The advantage of engineering CAR-T with pro-trafficking and pro-activation modules identified through proteomics is that the potential functional benefits are durable and ongoing rather than time-limited and restricted to the absolute period of RT administration.
Further, engineered CAR-T solutions to impaired CNS trafficking/activation in combination with low-dose RT may prove to be synergistic, amplifying CAR-T infiltration, activity and efficacy in this challenging condition beyond what is possible with RT or engineering solutions alone.
Beyond CNSL, the goal is to take lessons learned here and apply in our other brain tumour models, namely glioblastoma

Candidate background

We are particularly interested in receiving applications from candidates with an interest in cellular immunotherapy, radiation biology, murine modelling and analysis of big data.

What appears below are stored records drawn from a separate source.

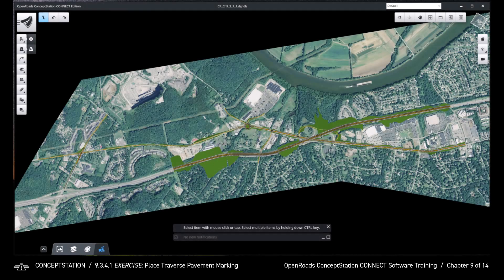In this exercise, we will place Traverse Pavement Markings. We will place a crosswalk at the intersection of Charlotte Pike and Davidson Drive.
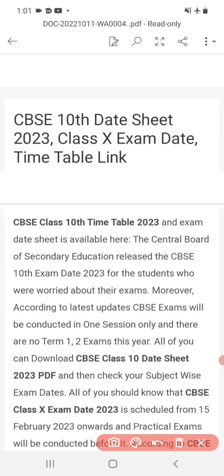Hello students, you are worried about CBSE 10th class date sheet 2023 for class 10th. Now I will tell you about exam date and timetable link.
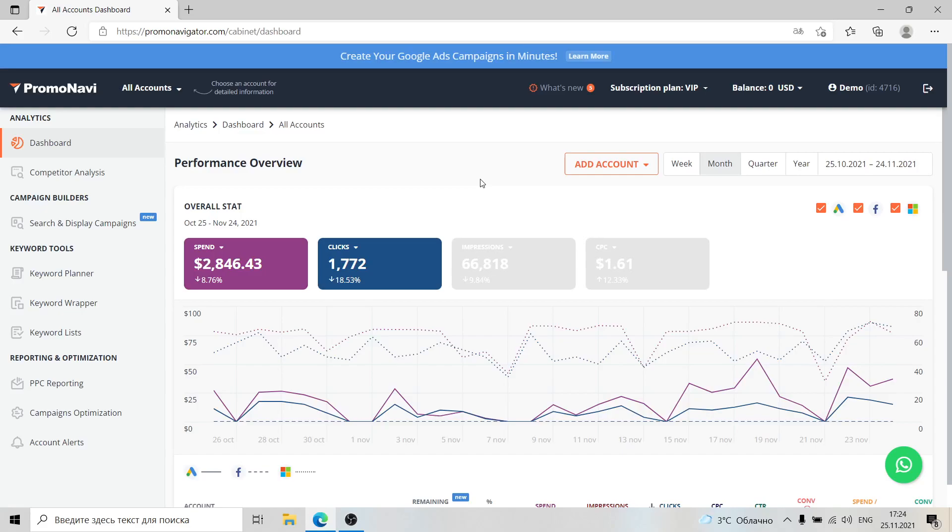Hello everyone, thank you for watching this video. My name is Dennis, and in this video you will find out how you can use PromoNavi to leverage your work with your PPC campaigns.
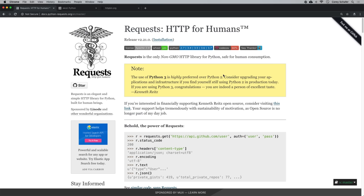Hey there, how's it going everybody? In this video we're going to take an in-depth look at the requests library. The requests library allows us to easily make HTTP requests to get information from websites. It's the most downloaded Python package, and there's a good reason for that. It does a really good job of taking tasks that used to be complicated and making them easy and intuitive. That's why the tagline for the requests library is 'HTTP for Humans'.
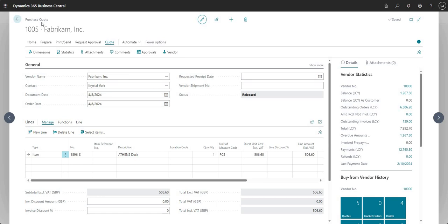Going back to purchase quote 1005, the status is still Pending Approval - hitting F5, you'll notice the status is now Released. That purchase quote is now approved. Really that's everything I wanted to show you in this video. You can do approvals within Business Central itself - it just depends on your approval methodology and how you want it to work, which will drive the technology you decide to use. I'll do another video on approvals within Business Central itself, but I just wanted to show you how it works in conjunction with Power Automate. Thanks very much for watching and I'll see you on the next video.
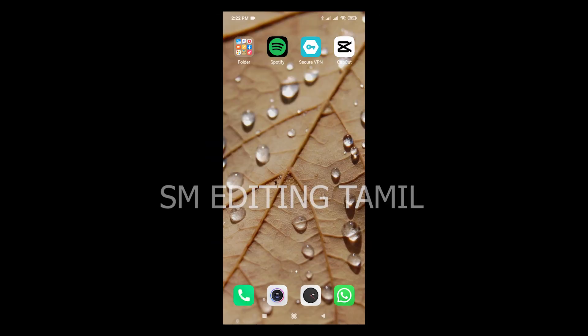Hi guys, welcome back to my channel. In this video let us start trending on Instagram. In this video let us start editing on CapCut.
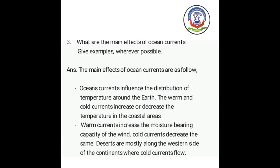Now let us understand question three: what are the main effects of ocean currents? Give examples wherever possible. (Mahasagar ki prawaahon ki mukhya asaraen kya hain?) The answer is: ocean currents influence the distribution of temperature around the earth. The warm and cold currents increase or decrease the temperature in the coastal areas. Warm currents increase the moisture-bearing capacity of the wind; cold currents decrease the same. (Garm prawaahe hawa ki namit dharan kshamta ko badaati hain; thandi prawaahe kam ho jaati hain.) Deserts are mostly along the western side of the continents where cold currents flow.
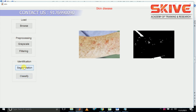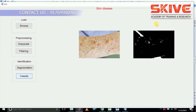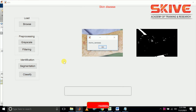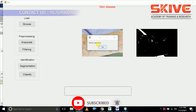By extracting features using the segmented shade method, we are going to classify the image. The classification results show the type of skin cancer.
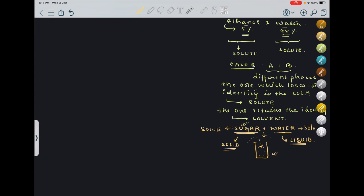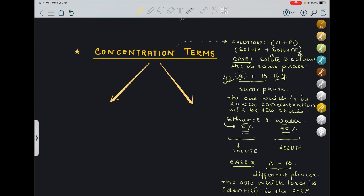I hope what is solute and what is solvent is now clear. We should not blindly say that the solute is something which we dissolve in water — that is a very wrong definition. There are two cases to determine which is solute and which is solvent. Concentration is the way we quantify how much of the solute is present in how much of solvent.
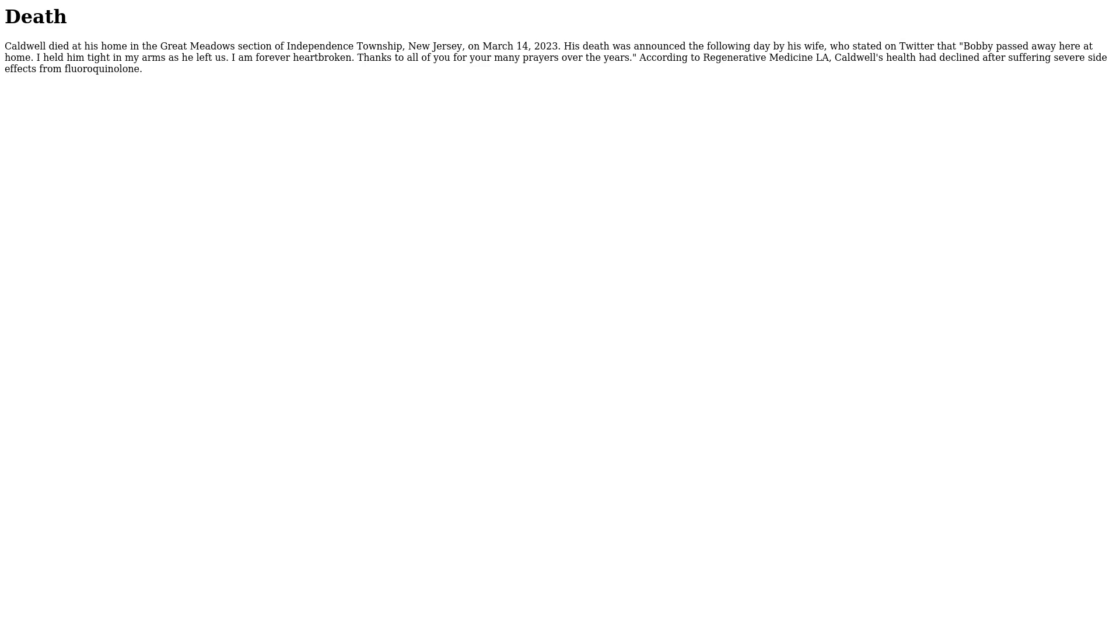Death. Caldwell died at his home in the Great Meadows section of Independence Township, New Jersey, on March 14, 2023.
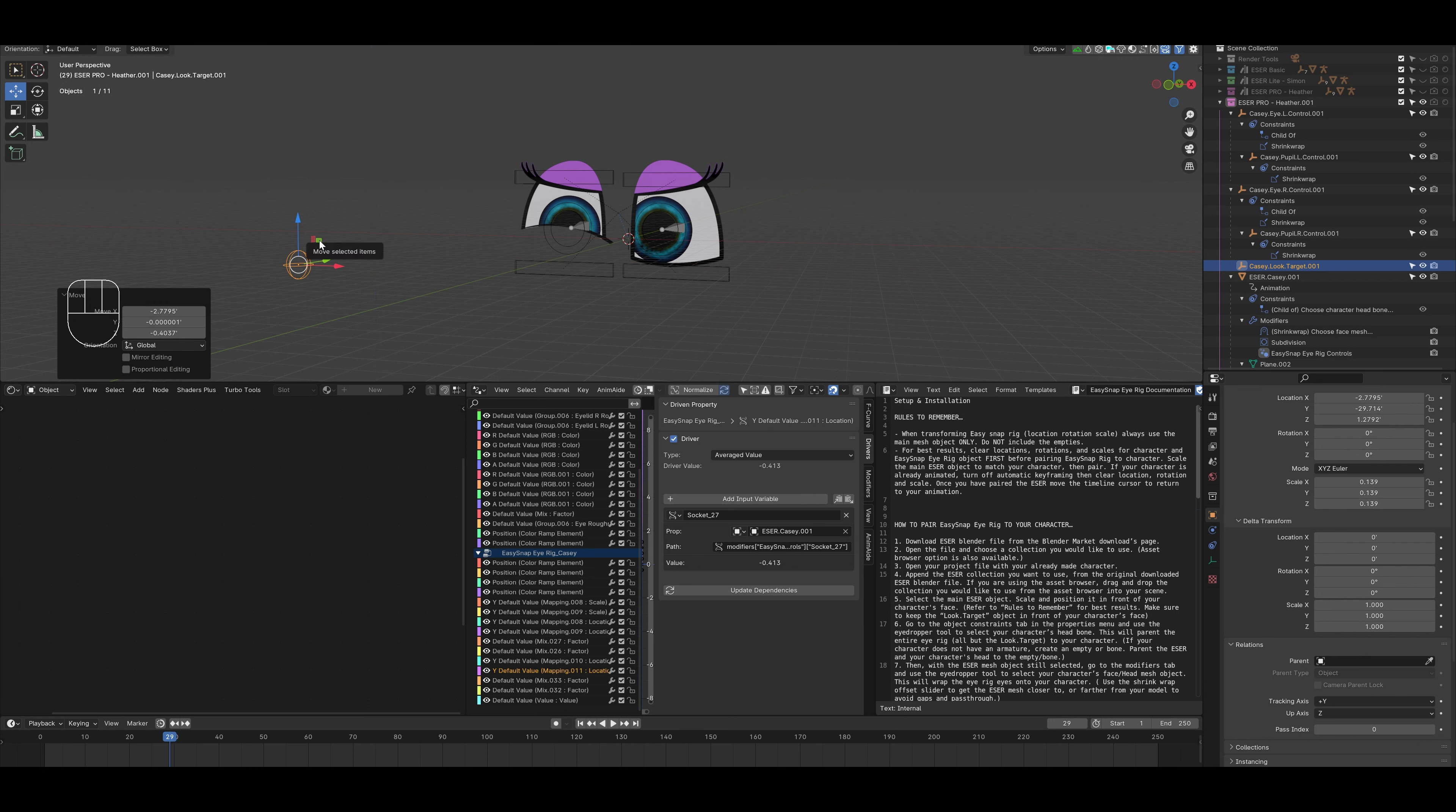And that's how you duplicate the Easy Snap Pro iRig. If you have any questions or comments, I look forward to hearing them in the comments section or you can send me a message on Blender Market. Hope you enjoy the product. Thanks.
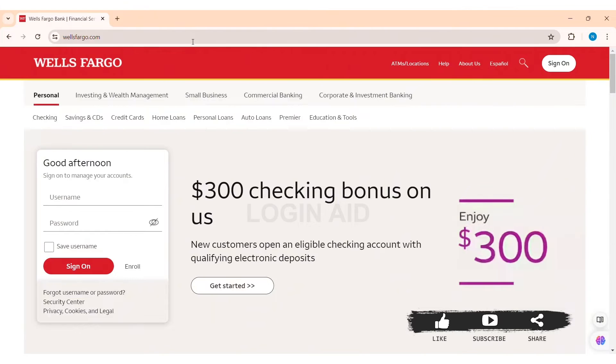Here you can see the login option and login box on the left side of the website. On the side of sign on, you can see the enroll option. Click on the enroll option.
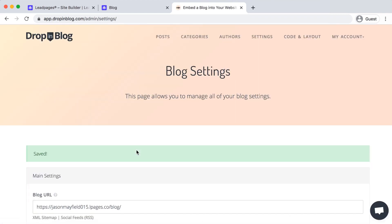And that's all you need to do. Each individual blog post will now be integrated into your Leadpages website. Happy blogging!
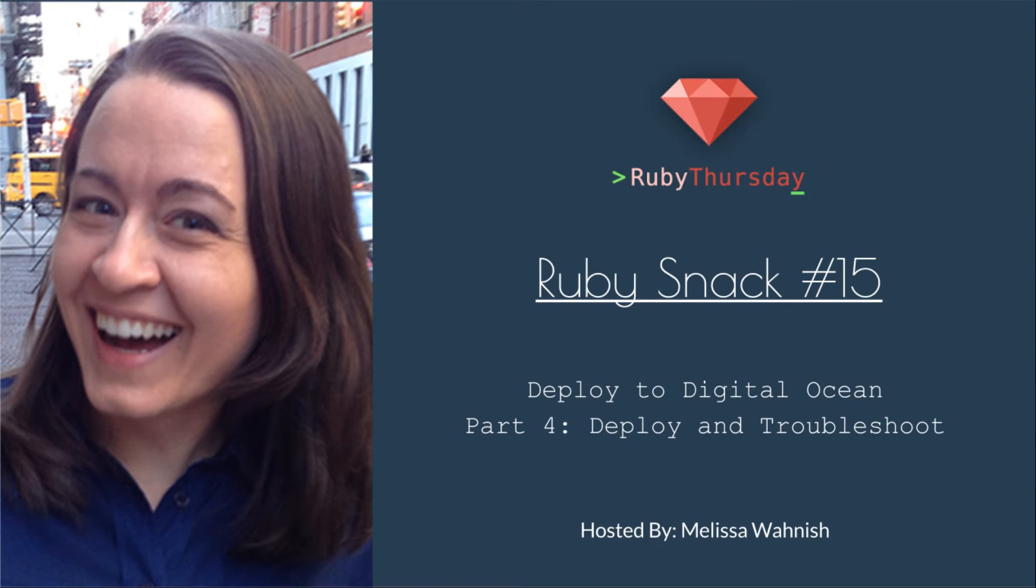Welcome to Ruby Thursday. I'm Melissa Wanisch.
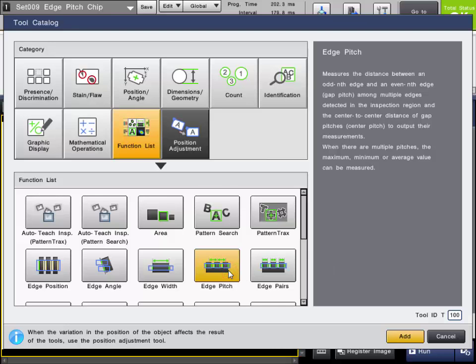The Edge Pitch Tool, which is found in the Function List Tool category, is used to measure the average, minimum, and maximum distances between pairs of edges.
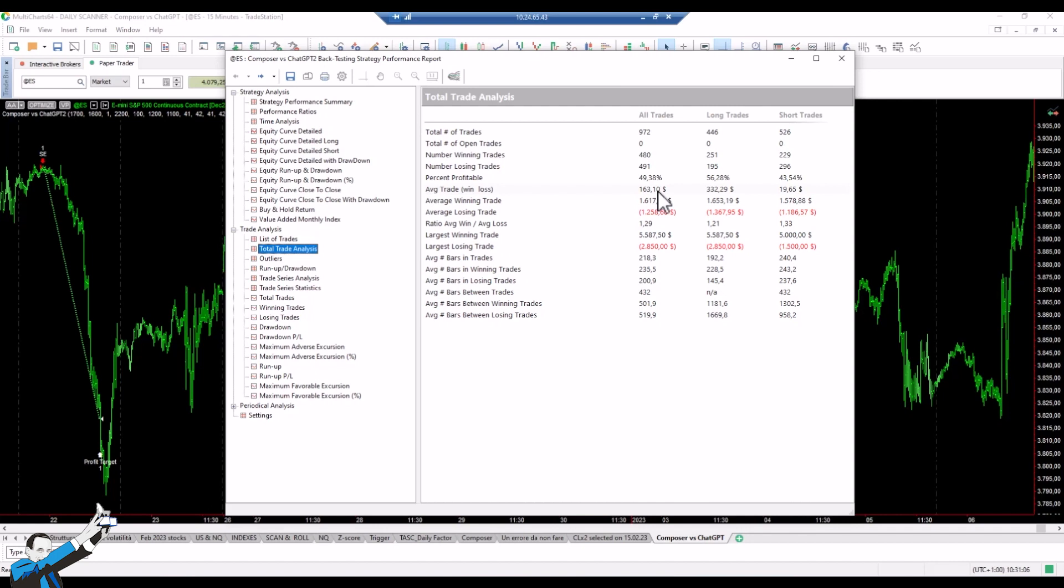So we saw how, with no basic programming skills and no knowledge of the Multicharts programming language, we could generate perfectly compilable code in just a few clicks. That could then later be used and possibly refined to create an automated trading strategy.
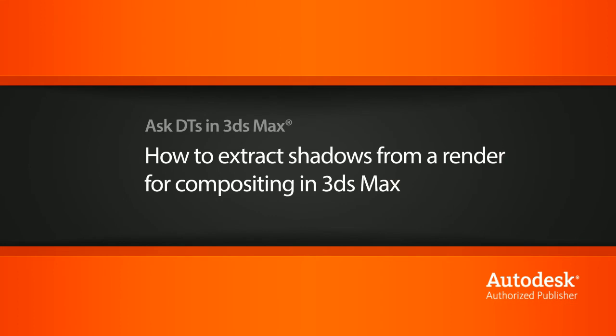Hi, my name is Dan, and I'm one of the DT Evangelists here at Digital Tutors. In this video, we're going to look at a question from one of our users, BNK Pro, on how we can get the shadows out of our renders so that we can composite them later on.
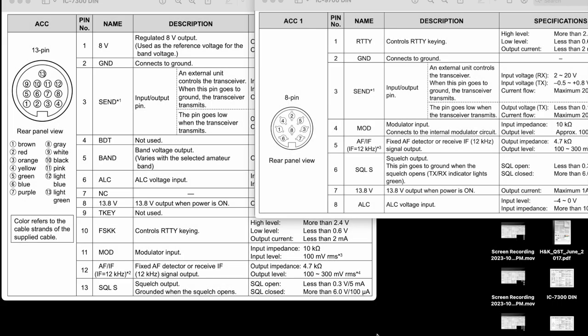This is the wiring for the ICOM IC-9700 and the ICOM IC-7300 crossband repeat. The 9700 won't do crossband repeat natively, so you have to use an external radio.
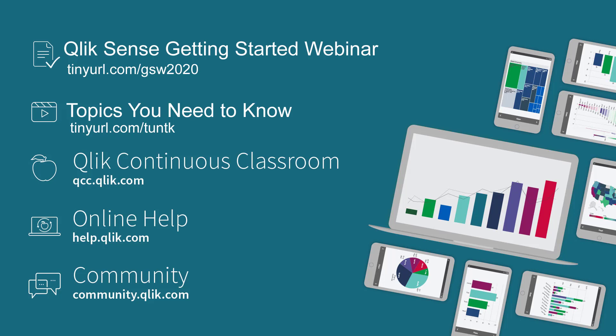If you have any comments or questions please post them in the comments area where this video is made available either in the community or YouTube. Thanks for your time guys, take care.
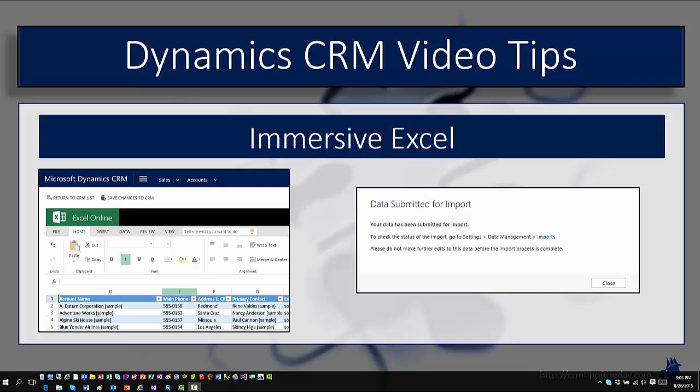Now, in order to work with this, you do have to have Excel Online. So that's the first and foremost scenario that you'll have to set up. But let's go ahead and take a look at how it's going to work in the application.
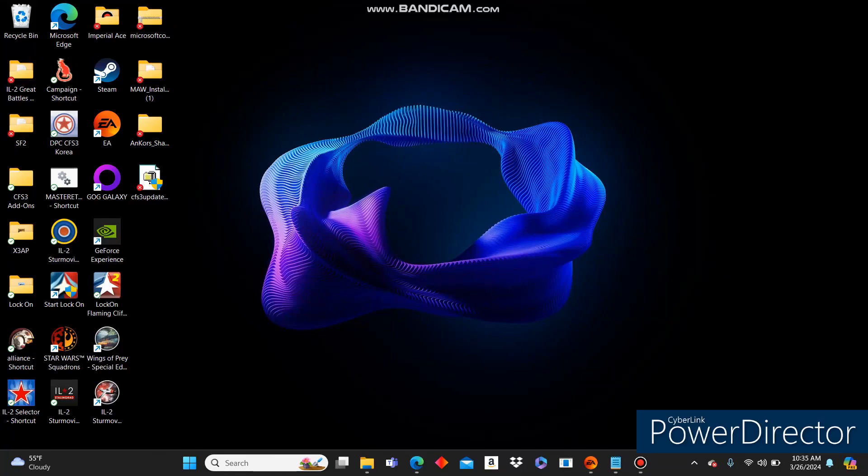Hey all, ImperialAce here, and I'm going to show you a tutorial on how to patch your Microsoft Combat Flight Simulator 3 up to version 3.1, how to install a NoCD patch, and then for some of you, how to install AnCore shaders. I'll explain that in a bit.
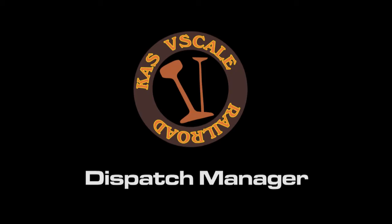Hello and welcome to another episode of CAS vScale Railroad. Today I'm going to talk about a tool I've created to help me organize all my rail operations.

Potential Research Placements

1. Erik Sahai, The Francis Crick Institute
2. Silvia Suriniva, University College London
3. Maria Hawkins, University College London

References

1. Epperla N, Feng L, Shah NN, Fitzgerald L, Shah H, Stephens DM, et al. Outcomes of patients with secondary central nervous system lymphoma following CAR T-cell therapy: a multicenter cohort study. J Hematol Oncol. 2023 Nov 9;16(1):111.
2. Inc MG. SAFETY AND EFFICACY FINDINGS OF AUTO1, A FAST-OFF RATE CD19 CAR, IN… by Claire Roddie [Internet]. [cited 2022 Dec 21]. Available from: https://library.ehaweb.org/eha/2022/eha2022-congress/358317/claire.roddie.safety.and.efficacy.findings.of.auto1.a.fast-off.rate.cd19.car.html?f=listing%3D0%2Abrowseby%3D8%2Asortby%3D1%2Asearch%3Droddie
3. Quach HT, Skovgard MS, Villena-Vargas J, Bellis RY, Chintala NK, Amador-Molina A, et al. Tumor-Targeted Nonablative Radiation Promotes Solid Tumor CAR T-cell Therapy Efficacy. Cancer Immunol Res. 2023 Oct 4;11(10):1314–31.
4. van Vulpen M, Kal HB, Taphoorn MJB, El-Sharouni SY. Changes in blood-brain barrier permeability induced by radiotherapy: implications for timing of chemotherapy? (Review). Oncol Rep. 2002;9(4):683–8.